Just a day into the annual legislative session, West Virginia lawmakers started moving a bill that would ban abortions at 15 weeks, just like a Mississippi law under review by the U.S. Supreme Court.
“This bill is very similar to the Mississippi law. In fact, I think it almost mirrors it perfectly, other than it just gets placed in our state code rather than the Mississippi state code,” acknowledged Delegate Kayla Kessinger, R-Fayette. “Why do it now? Why now? I think it’s never the wrong time to do the right thing.
“States have a vested interest in determining what abortion should look like, when abortion should be available. So why are we doing it now? We want the Supreme Court to know that Mississippi isn’t the only state that wants to tackle this issue.”
The 15-week abortion bill will be taken up in the House Health Committee today. @KaylaKessinger states her opinion on this bill with @HoppyKercheval. WATCH: https://t.co/yCFQ3nm85Y pic.twitter.com/jhEJ7ItYkD
— MetroNews (@WVMetroNews) January 13, 2022
Following Dec. 1 oral arguments, a ruling by Supreme Court justices could roll back what was established in the earlier Roe vs. Wade case, as well as the related Planned Parenthood vs.
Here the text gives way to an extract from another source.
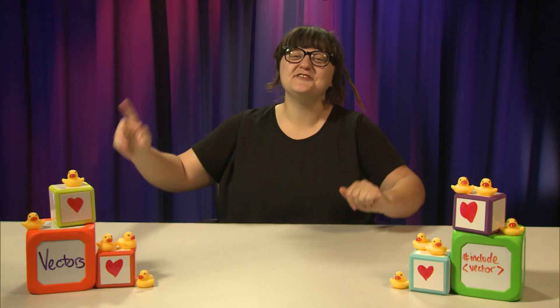Welcome back learners to another informative programming video. In this video we're going to be learning about vectors.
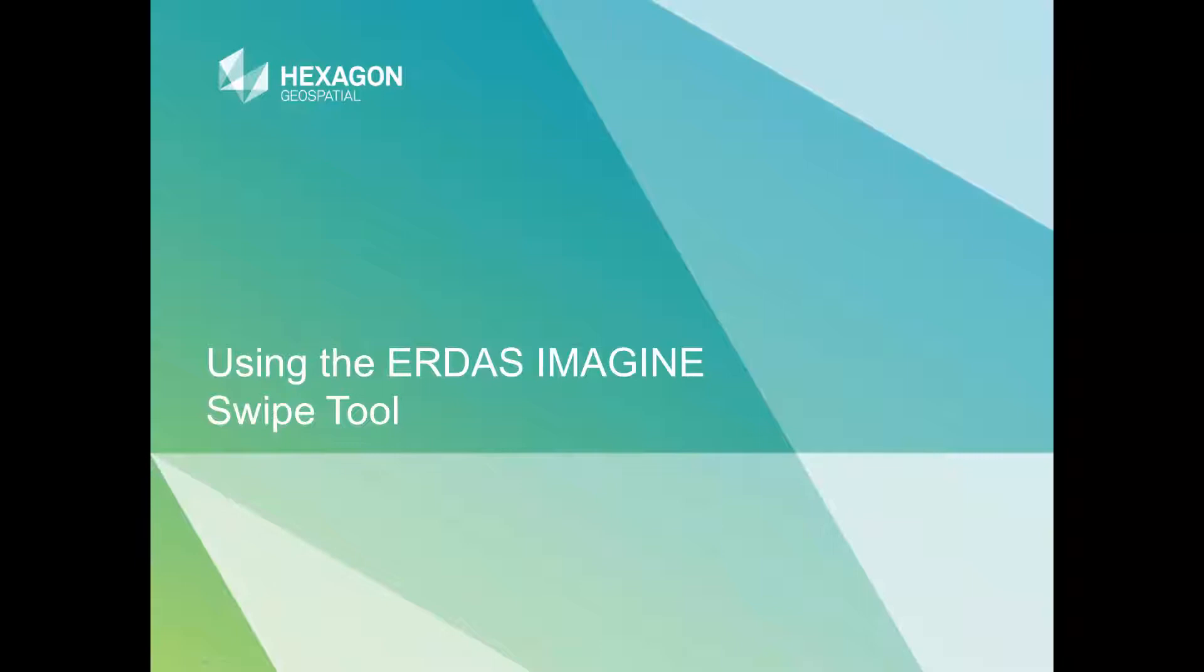Hello, and thank you for watching this Hexagon Geospatial eTraining module using the ERDAS Imagine swipe tool.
Casey.
Mississippi’s law established a statewide ban on abortion after 15 weeks. That’s weeks earlier than what Roe vs Wade established, with viability at 23 or 24 weeks — or longer in cases where the patient’s life or health is at risk.
Other states, including Florida, have been moving to get in line with laws like Mississippi’s. Other states, like Vermont, will be change their laws to ensure access to abortion.
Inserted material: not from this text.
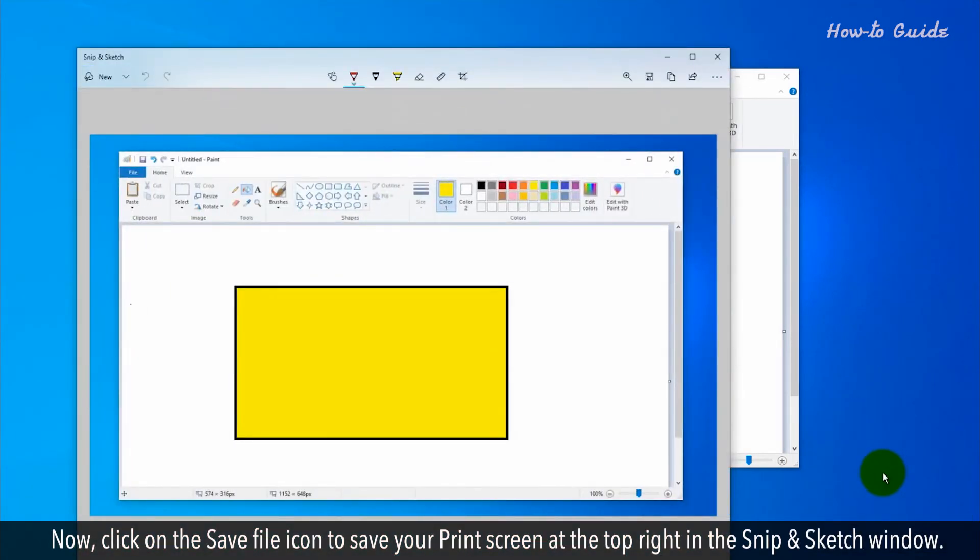Now, click on the Save File icon to save your Print Screen at the top right in the Snip & Sketch window.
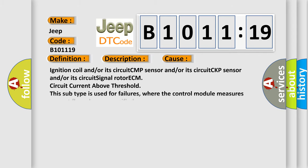This diagnostic error occurs most often in these cases: ignition coil and/or its circuit, CMP sensor and/or its circuit, CKP sensor and/or its circuit signal rotor ECM. Circuit current above threshold. This subtype is used for failures where the control module measures current flow above a specified range.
In West Virginia, House Bill 4004 came up for consideration during this year’s first meeting of the House Health and Human Resources Committee.
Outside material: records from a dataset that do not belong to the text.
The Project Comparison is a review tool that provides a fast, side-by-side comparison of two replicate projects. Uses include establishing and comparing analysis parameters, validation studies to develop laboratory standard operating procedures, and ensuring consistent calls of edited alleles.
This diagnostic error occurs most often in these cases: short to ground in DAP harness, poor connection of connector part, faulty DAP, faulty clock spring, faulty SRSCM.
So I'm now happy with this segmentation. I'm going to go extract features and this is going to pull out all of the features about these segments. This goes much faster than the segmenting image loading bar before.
Committee members went through about an hour of detailed, sometimes emotional and often somber discussion before the majority adopted the bill in a voice vote.
“I’m sorry we spent our first day of committee on this subject, but I will be voting against it,” said Delegate Mike Pushkin, D-Kanawha.
The bill still has a long path through the West Virginia Legislature. It now goes to the House Judiciary Committee before any consideration by the full House or the state Senate. A public hearing in the House has been set for 3 p.m. Monday.
The House Health Committee today also adopted HB4005, making it illegal to transport and sell aborted fetal organs in the state. The bill, which now goes to the Judiciary Committee, would run parallel to a similar federal ban applying to state lines.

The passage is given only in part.